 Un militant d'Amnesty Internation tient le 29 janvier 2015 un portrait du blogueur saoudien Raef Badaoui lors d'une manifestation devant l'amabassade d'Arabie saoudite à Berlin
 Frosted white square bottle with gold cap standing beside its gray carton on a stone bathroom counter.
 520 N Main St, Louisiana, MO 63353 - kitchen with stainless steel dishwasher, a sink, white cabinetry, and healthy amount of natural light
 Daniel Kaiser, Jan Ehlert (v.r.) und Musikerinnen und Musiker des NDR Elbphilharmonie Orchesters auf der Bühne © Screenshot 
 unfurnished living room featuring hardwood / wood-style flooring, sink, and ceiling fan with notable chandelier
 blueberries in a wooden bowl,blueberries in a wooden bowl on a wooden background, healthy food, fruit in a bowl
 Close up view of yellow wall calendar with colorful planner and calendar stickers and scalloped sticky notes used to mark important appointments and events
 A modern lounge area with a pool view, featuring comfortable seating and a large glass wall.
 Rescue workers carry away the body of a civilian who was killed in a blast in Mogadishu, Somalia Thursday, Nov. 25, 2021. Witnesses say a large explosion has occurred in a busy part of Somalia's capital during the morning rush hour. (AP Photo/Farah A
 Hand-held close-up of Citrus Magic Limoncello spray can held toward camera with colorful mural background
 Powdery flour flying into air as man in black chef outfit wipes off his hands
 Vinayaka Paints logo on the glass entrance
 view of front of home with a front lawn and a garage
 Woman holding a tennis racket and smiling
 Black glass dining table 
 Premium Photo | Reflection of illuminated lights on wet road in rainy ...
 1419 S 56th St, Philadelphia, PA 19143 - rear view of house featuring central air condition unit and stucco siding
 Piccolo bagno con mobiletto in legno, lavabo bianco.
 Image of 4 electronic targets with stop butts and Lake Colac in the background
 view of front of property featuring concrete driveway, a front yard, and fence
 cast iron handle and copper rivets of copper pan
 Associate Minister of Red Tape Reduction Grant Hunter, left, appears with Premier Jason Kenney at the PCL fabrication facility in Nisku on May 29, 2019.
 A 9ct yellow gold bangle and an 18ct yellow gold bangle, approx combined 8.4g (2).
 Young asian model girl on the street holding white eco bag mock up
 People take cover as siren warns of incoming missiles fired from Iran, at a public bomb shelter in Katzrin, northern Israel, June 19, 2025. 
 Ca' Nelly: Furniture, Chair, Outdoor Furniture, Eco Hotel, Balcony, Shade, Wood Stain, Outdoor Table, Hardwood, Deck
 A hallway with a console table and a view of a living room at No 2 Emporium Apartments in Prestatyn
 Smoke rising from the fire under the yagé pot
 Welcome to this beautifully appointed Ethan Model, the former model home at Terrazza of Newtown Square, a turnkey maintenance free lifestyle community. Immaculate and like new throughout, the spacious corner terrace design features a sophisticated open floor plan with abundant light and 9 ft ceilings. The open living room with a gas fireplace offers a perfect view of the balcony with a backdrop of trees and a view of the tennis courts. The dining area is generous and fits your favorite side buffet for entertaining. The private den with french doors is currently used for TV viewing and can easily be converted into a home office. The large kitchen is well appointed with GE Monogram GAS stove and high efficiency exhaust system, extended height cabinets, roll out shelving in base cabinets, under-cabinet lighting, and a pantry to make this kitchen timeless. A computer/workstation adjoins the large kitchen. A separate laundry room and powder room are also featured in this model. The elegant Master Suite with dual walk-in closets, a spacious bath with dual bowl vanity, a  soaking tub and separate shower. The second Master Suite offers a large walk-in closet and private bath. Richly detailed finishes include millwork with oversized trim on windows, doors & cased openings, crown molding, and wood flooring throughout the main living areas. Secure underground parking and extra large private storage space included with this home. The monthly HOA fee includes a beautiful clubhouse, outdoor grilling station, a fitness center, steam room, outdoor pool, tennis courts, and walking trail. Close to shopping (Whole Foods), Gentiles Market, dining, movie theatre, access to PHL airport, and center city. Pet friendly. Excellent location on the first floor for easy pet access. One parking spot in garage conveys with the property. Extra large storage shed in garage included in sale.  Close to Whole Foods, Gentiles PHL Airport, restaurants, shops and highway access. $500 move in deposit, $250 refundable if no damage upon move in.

_Work task_:
Lines of the listing above that hold the string "glass" should each be copied.

_Response to this exercise_:
 A modern lounge area with a pool view, featuring comfortable seating and a large glass wall.
 Vinayaka Paints logo on the glass entrance
 Black glass dining table 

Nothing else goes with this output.